On D-Day in 1944, about 500 modified DC-3s dropped paratroopers and towed gliders into Normandy. During the invasion more than 40 of the airplanes were shot down.

Anderson, the vintner, pilot and son and nephew of World War II veterans, studied the plane's many contributions to the Allied victory in 1945 and decided he'd like to have one.

“I started looking for a DC-3 about 12 years ago,” he said.

He found one in 2008 in Oshkosh, Wisconsin.

A military C-53, it had not flown on D-Day or anywhere in the European Theater, Anderson said. But it flew the Hump and following the war was sold to the Civil Air Transport, a Nationalist Chinese enterprise that aided Chiang Kai-shek's fight with the communists and Mao Zedong in the Chinese Civil War.

Following the defeat of Chiang's forces, the Civil Air Transport was taken over by the American CIA and renamed Air America.

Anderson said of the plane he bought, “During the day it was transport and at night it flew covert missions” against Communist regimes in southeast Asia.

Today, “The Spirit of Benovia” is at an aeronautical shop in Oregon and is being serviced, painted and dressed with logos of Civil Air Transport in preparation for a flight to California later this month.

Anderson said he expects to make the plane available to the public soon at the Charles M. Schulz-Sonoma County Airport, though it's not yet clear when that'll happen.

Anderson and pilot Coffman are set to fly in mid-May to Connecticut, where they will train in formation flight with the American crews of several dozen other historic, war-tested DC-3s. The planes will proceed from there to Canada and on to Greenland, Iceland and London.

The American contingency, calling itself the “D-Day Squadron,” will connect in England with a group of British DC-3/Dakota enthusiasts who've united as “Daks Over Normandy.” That two-nation air wing promises to create an emotional spectacle when it rumbles in over the beaches of D-Day on June 6.

It's expected to be the largest formation of such aircraft since the invasion 75 years earlier.

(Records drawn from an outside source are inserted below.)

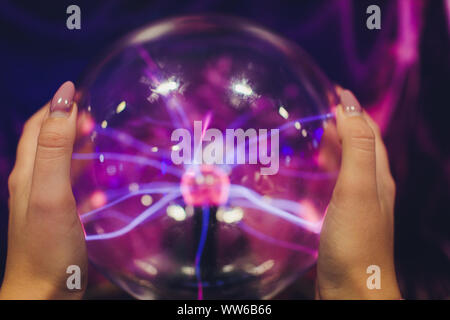 Hand touching a plasma ball with smooth magenta-blue flames. Stock Photo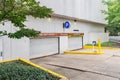 Underground parking structure with gated entrance and restricted access for cardholders only Royalty Free Stock Photo
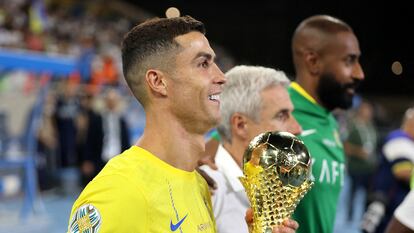 Al Nassr's Cristiano Ronaldo celebrates with the trophy after winning the Arab Club Champions Cup final.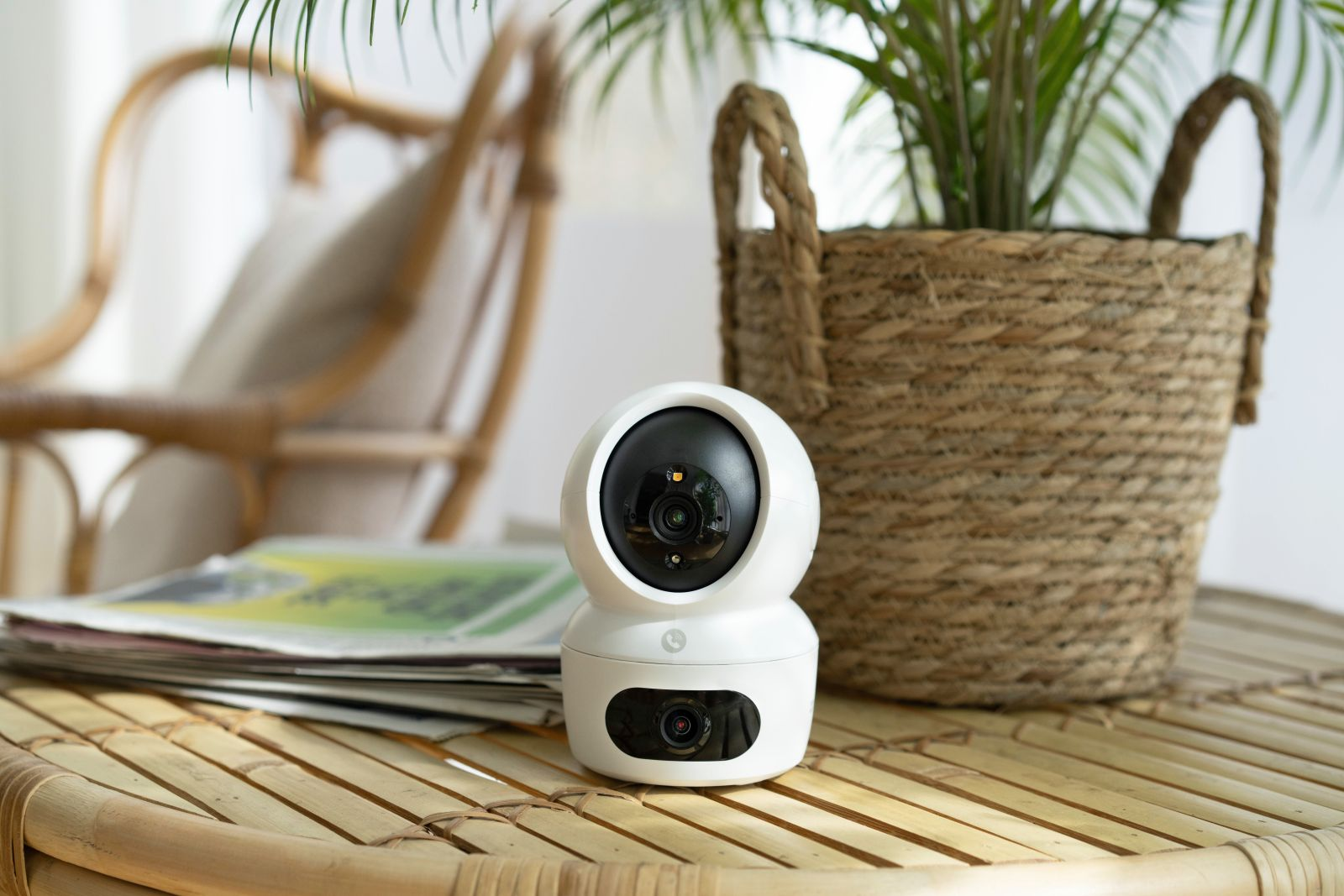 Biała kamera bezpieczeństwa stoi na bambusowym stole. Pleciony kosz z rośliną i wiklinowe krzesło są w tle.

Anderson can hardly wait to be part of it. “This is really a project of passion,” he said.

From France, he and Coffman then will fly “The Spirit of Benovia” to Germany to take part in Berlin Airlift 2019, a 70th anniversary celebration of the historic humanitarian mission that flew more than 2.3 million tons of relief cargo into Soviet-blockaded West Berlin.

Anderson and Coffman will post updates on their journey to social media and to www.benoviawinery.com/d-day-commemoration.